Trial or deal? Some driven to plead guilty, later exonerated

According to an estimate by the National Registry of Exonerations, more than 300 of the more than 1,900 people who have been exonerated in the U.S. since 1989 pleaded guilty. The registry is maintained by the University of Michigan Law School using public information, such as court documents and news articles.

Last year, 68 out of 157 exonerations were cases in which the defendant pleaded guilty, more than any previous year.

Critics say the numbers reflect an overwhelmed criminal justice system with public defenders who have more cases than they can handle and expedience on the part of court officials, who can save the government money with plea bargains compared with costly trials.

"Our criminal justice system has lost its way," said David O. Markus, a prominent Miami defense attorney. "For a long time, it was our country's crown jewel, built on the principle that it was better that 10 guilty go free than one innocent be wrongfully convicted. Now sadly, the system accepts and even encourages innocent people to plead guilty."

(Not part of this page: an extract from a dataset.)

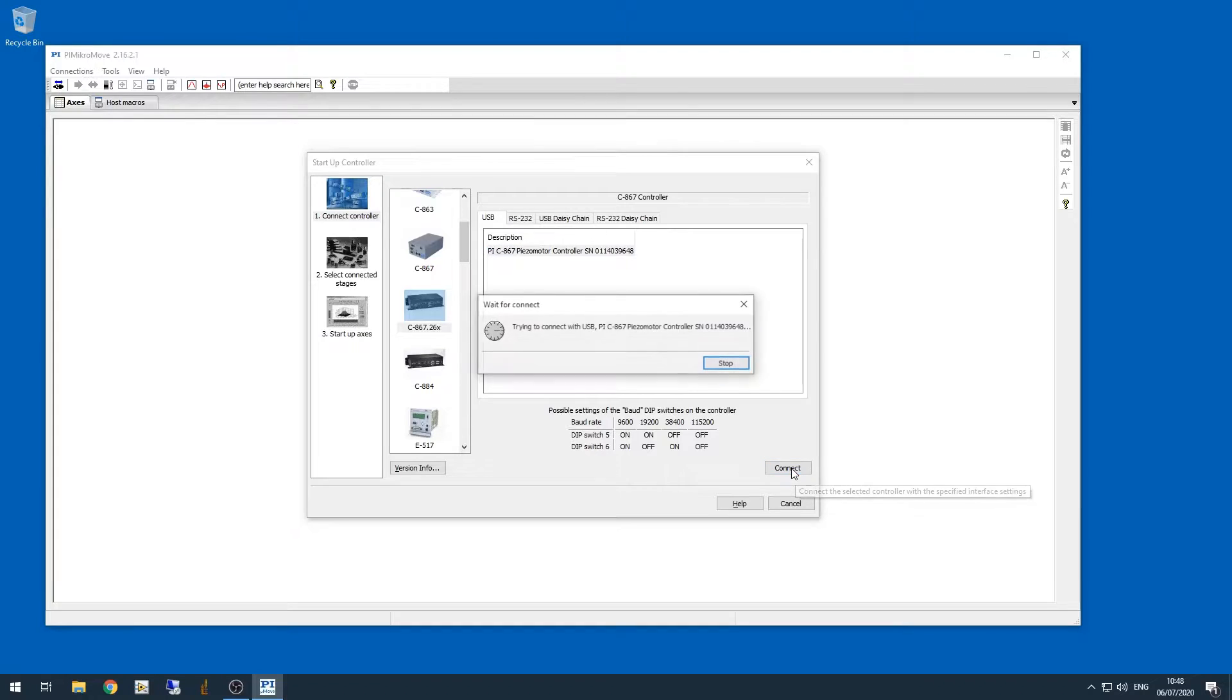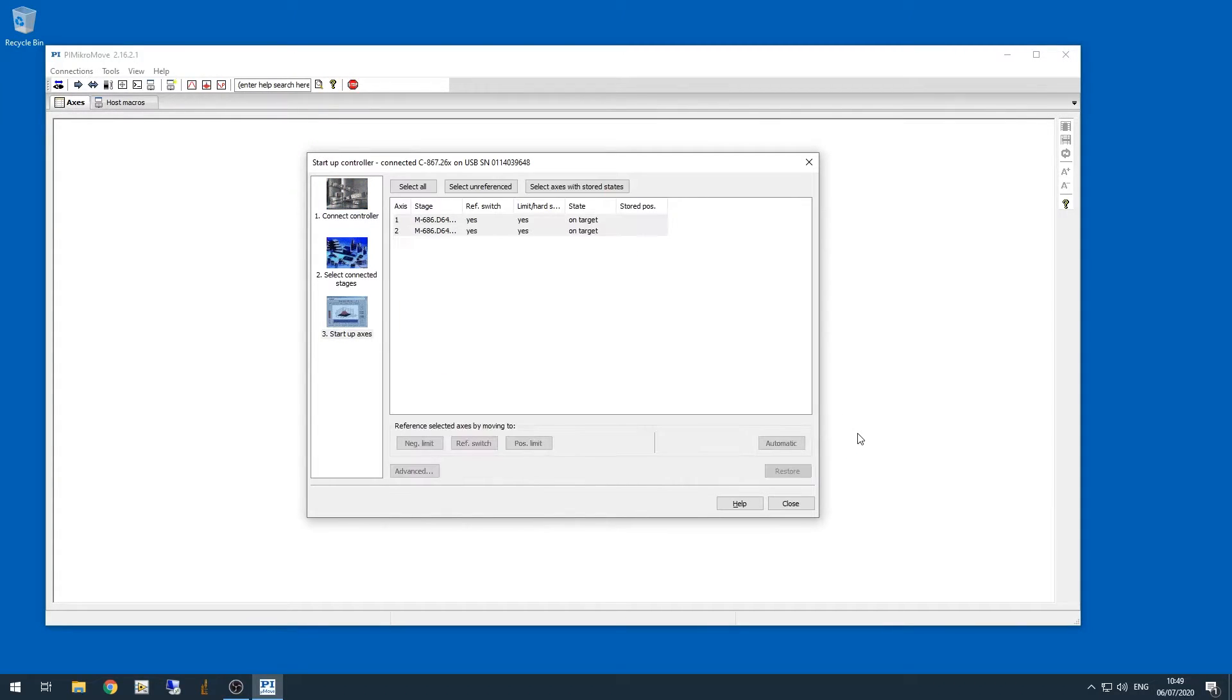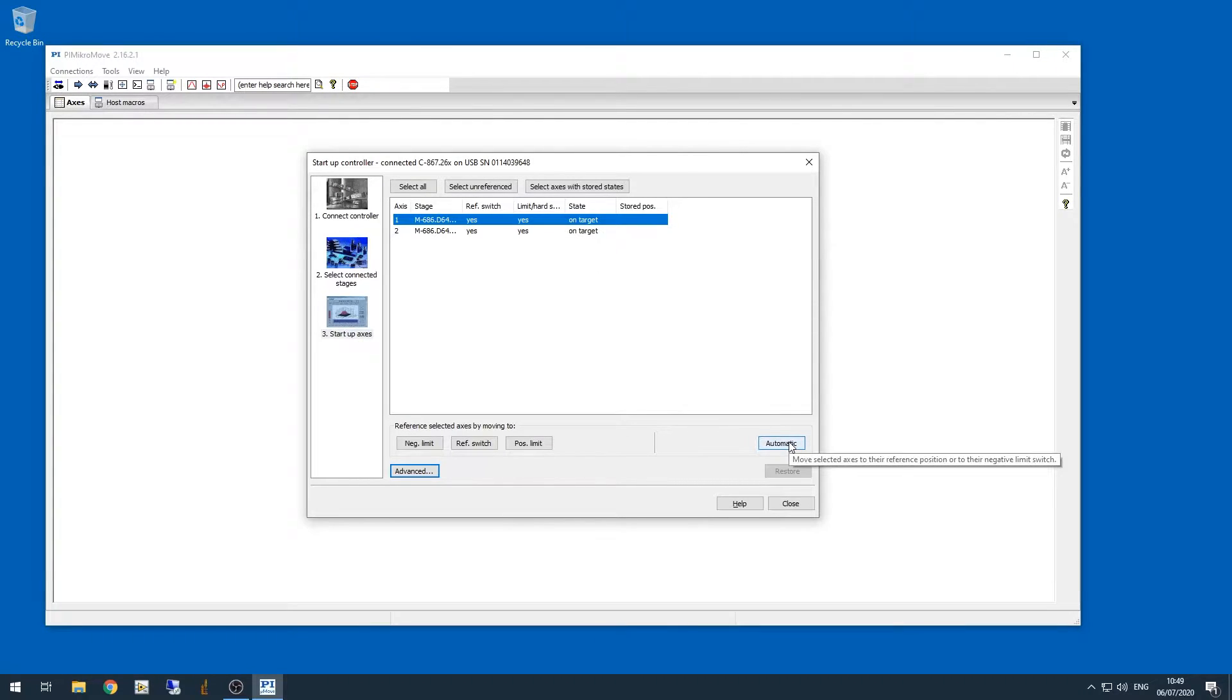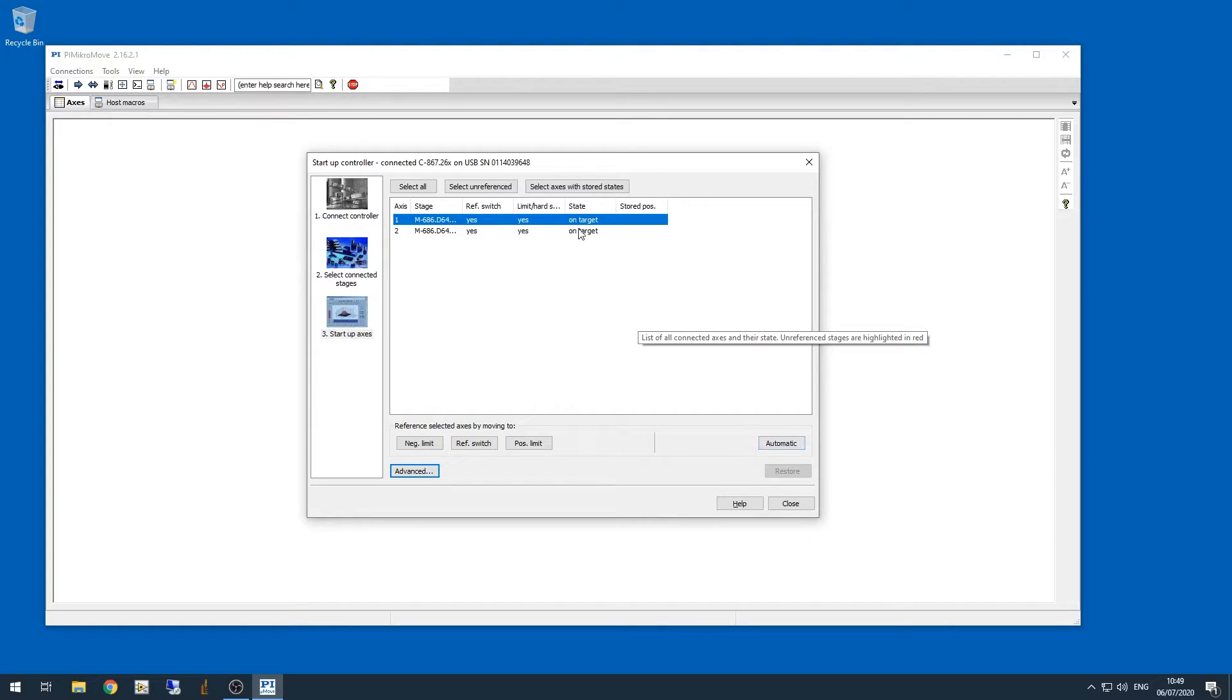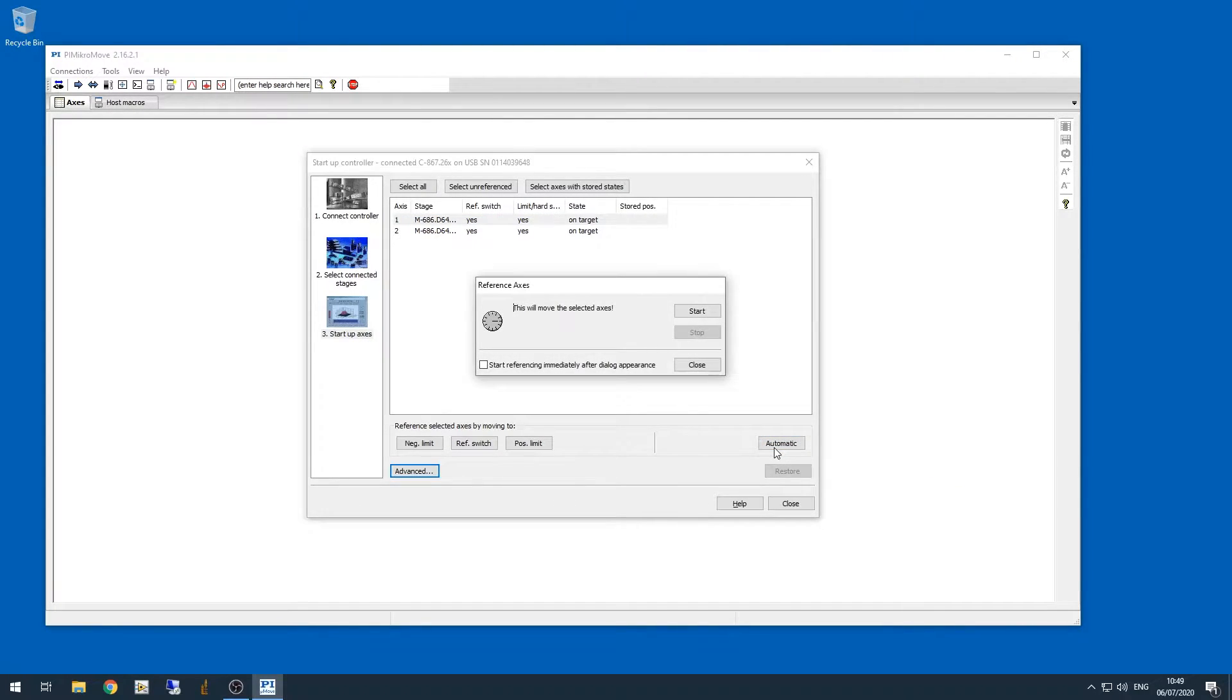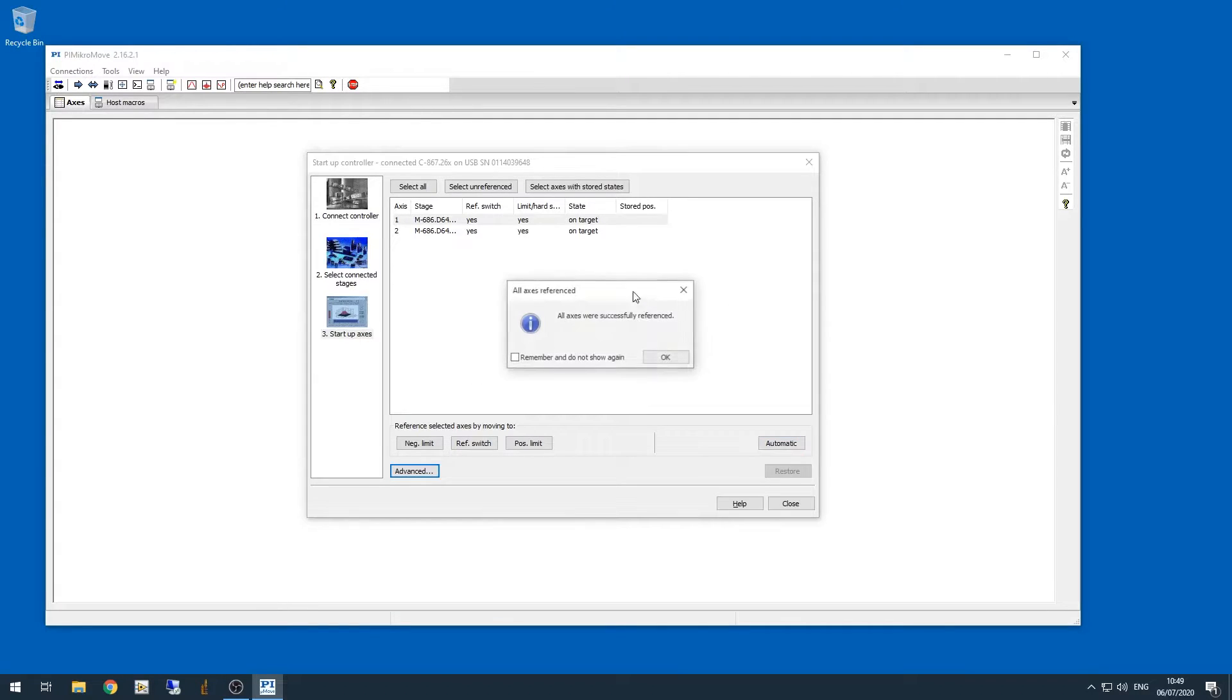Now I'm clicking connect, and we have to wait for a minute while the connection is opened. Now that we're connected, we can see there are two axes for this stage. Let's click on the first axis, and then click the button that says automatic. This will tell the software that we want to automatically reference this axis. Click start, and once it's done referencing the axis, click OK.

In the 1970s and 1980s, state and federal lawmakers reacted to rising crime rates by imposing mandatory minimums and other sentencing laws to crack down on felons. As the penalties and risk of going to prison grew, so did the percentage of defendants who opted to plead guilty.

Last year, more than 97 percent of criminal defendants sentenced in federal court pleaded guilty compared with about 85 percent more than 30 years ago, according to data collected by the Administrative Office of the U.S. Courts. The increase in guilty pleas has been a gradual rise over the last three decades.

No entity gathers statistics for all state courts, but prosecutors, defense attorneys and law professors say they have also seen more cases at that level resolved by guilty pleas and fewer cases going to trial.

"When the penalties are so high, no one wants to take the risk of going to trial because if you lose, you're going to go away for a long, long time," said Jed Rakoff, a federal judge in New York.

No one knows exactly how many innocent people are behind bars for pleading guilty. Sociologists have estimated that between 2 and 8 percent of people who plead guilty are in fact innocent, said Rakoff, who has studied the issue for years.